# 12volt Fans



## Richieboy (Nov 23, 2009)

Has anyone had experience of 'Endless Breeze' 12volt fan.
I am off for 3 months through Italy and Greece in mid summer.
It is going to be hot and I only have Cab Aircon which will not be in use once the engine is off.
I need a suitable 12 volt fan capable of providing a good air flow.
Or has anybody got a better solution for keeping reasonably cool especially at night??

Richard


----------



## cabby (May 14, 2005)

I bought one of these to use as a heater and a fan. cheap enough.

cabby

http://cgi.ebay.co.uk/ws/eBayISAPI.dll?ViewItem&item=260697861873


----------



## grizzlyj (Oct 14, 2008)

We have three Caframo 747/757 12v fans which say they draw 0.44 amps max. They can be permanently fixed, or come with quite a good sucker.

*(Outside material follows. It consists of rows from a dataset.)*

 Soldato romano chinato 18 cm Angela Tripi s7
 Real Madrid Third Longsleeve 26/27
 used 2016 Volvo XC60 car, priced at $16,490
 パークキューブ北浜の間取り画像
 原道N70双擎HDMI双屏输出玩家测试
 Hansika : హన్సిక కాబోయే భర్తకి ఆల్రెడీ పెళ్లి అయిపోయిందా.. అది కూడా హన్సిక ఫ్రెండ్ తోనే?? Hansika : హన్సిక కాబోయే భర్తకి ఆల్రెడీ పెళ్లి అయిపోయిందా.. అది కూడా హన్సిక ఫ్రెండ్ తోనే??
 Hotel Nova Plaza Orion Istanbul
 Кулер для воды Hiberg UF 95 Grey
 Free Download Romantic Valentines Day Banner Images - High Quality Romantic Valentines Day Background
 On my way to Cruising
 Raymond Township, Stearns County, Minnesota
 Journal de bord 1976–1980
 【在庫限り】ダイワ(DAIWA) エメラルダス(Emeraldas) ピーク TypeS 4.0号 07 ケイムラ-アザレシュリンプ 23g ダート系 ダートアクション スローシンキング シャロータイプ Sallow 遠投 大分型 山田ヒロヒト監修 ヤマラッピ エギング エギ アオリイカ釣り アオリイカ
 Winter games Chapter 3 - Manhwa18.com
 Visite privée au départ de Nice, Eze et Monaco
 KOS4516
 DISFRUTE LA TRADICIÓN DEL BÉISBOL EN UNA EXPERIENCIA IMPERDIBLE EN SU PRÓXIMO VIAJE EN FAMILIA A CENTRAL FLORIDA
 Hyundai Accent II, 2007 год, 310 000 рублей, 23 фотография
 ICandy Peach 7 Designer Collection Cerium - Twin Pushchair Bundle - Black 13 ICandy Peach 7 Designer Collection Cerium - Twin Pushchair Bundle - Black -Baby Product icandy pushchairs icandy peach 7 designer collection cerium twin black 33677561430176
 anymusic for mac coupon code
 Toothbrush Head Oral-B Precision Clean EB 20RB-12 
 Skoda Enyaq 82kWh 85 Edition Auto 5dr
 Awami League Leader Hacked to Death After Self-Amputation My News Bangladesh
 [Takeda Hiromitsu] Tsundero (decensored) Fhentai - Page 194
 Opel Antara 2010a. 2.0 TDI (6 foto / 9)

http://www.caframo.com/marine/marine_products_12voltfans_ultimate747.php

We have one bolted to a wooden cupboard pointing sideways, but the cupboard makes it too loud for me during the night. One free standing and upright generally pointing at the bed area is quiet and enough to keep cool on low speed.

Not fixing them means of course we can have one each in the cab if needed, or one in the cooking area etc.

The blades are not enclosed so take up less space (in the glove box perhaps), but you can stop them with almost any part of your body pain free 

Not cheap but we've had them for three years with no problems and fairly regular use. In retrospect, one unfixed would have mostly done!


----------



## Pudsey_Bear (Sep 25, 2008)

I really like 12 volts. :wink: :wink: :wink:


----------



## bigtwin (May 24, 2008)

Kev_n_Liz said:


> I really like 12 volts. :wink: :wink: :wink:


 :lol: :lol: :lol:


----------



## DABurleigh (May 9, 2005)

Richard,

Yes I have an Endless Breeze fan and use it far more than the roof aircon.

Dave


----------



## CurlyBoy (Jan 13, 2008)

I use this O2cool fan,£10 in Asda, 12v and battery operated.

http://www.o2-cool.com/battery_overview.php

curlyboy


----------



## Stanner (Aug 17, 2006)

Kev_n_Liz said:


> I really like 12 volts. :wink: :wink: :wink:


I used to like tractors - but not any more. :wink:


----------



## esperelda (Sep 17, 2010)

> We have three Caframo 747/757 12v fans


Where did you buy your fans, Grizzlyj? I've had a look on the internet but they don't seem to be widely available in the UK. I like the sound of them.


----------



## Pudsey_Bear (Sep 25, 2008)

Stanner said:


> Kev_n_Liz said:
> 
> 
> > I really like 12 volts. :wink: :wink: :wink:
> ...


I suppose your an extractor fan then :roll: :roll:


----------



## MicknPat (Jul 18, 2005)

Why does a 12volt appliance appear to cost a lot more than a similar 'mains' electric appliance.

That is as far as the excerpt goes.